The Ukraine crisis may yet produce the biggest war Europe has ever seen since 1945, or some strange hybrid shadow war that does no one any favors.
Then again, Putin may march his troops back to their home bases far from Russia’s border with Ukraine, to enjoy some well-deserve R&R.
War scares are golden opportunities for speculators – bet right and make a killing but get it wrong and prepare to be slaughtered.
Over the past week, the on-again, off-again prospect of Russia invading Ukraine has roiled markets, sending the price of oil and gold rising and falling as regularly as the tide.
Stock markets have swung violently in both directions and if the VIX, an indicator of volatility, was a person’s EKG, they would have died and been resurrected several times by now.
The problem facing investors today is that they are having to consider the prospect of a Russian invasion of Ukraine, against the backdrop of decades of relative peace.

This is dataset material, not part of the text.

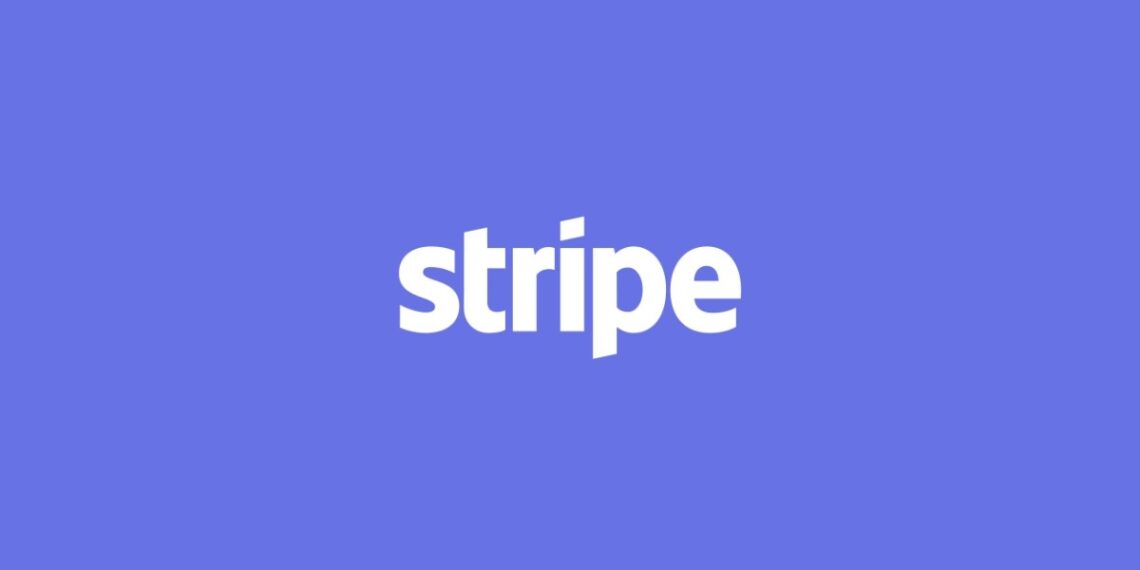 Stripe launches information for iOS exterior bills amid Apple’s coverage adjustments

To be sure, there have been numerous conflicts since 1945, but a Russian invasion of Ukraine is no American invasion of Iraq or Afghanistan and would bring to bear the might of Russian armies on a Europe that had hitherto been content to underfund its own military materiel base.
War would add to already heightened inflationary pressures as sanctions on Europe would be a massive win for investors long on gold, oil and gas and the rare earths like palladium that Russia exports.

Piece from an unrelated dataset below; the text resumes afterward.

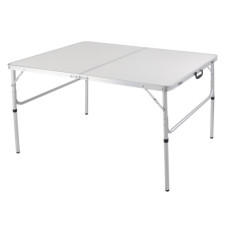 Стол складной PC1813-1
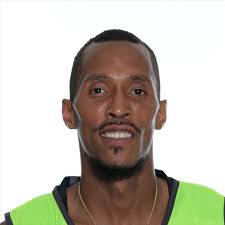 Red Bull USA Basketball 3X East Regional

It’s only because Iran is making its way out of the diplomatic doghouse, with a possible nuclear deal on the table, that oil prices haven’t yet shot past US$100.
Conflict in Ukraine would tighten financial conditions even as major central banks are already having to do so because of price pressures, hurting European businesses and consumer confidence.
But most importantly, a decisive Russian victory, whether in ending Ukraine’s bid to become a westward-looking democracy on a path to membership of the European Union and NATO, could well embolden Chinese leaders to make a move on Taiwan.
And while the U.S. is treaty-bound to defend Taiwan if it should be invaded, Americans will be hesitant to say the least, to send their sons and daughters to fight off a nuclear-tipped power that it has relied on for almost everything on their Amazon wish lists.
America and Americans on both sides of the aisle have shown increasingly limited appetite to risk blood and treasure to export democratic values which they can barely agree on at home.
And a world that can no longer rely on American exceptionalism to defend democratic values across the globe would have a profound effect on the perceived purpose of indefinitely funding American profligacy or the value of the dollar.
But if both Moscow and Beijing get it wrong, if Washington decides to honor its longstanding commitment to rebuff aggression and autocracy in all its forms and become a champion of democracy once again, then the world may find itself in a bigger war than anything being contemplated.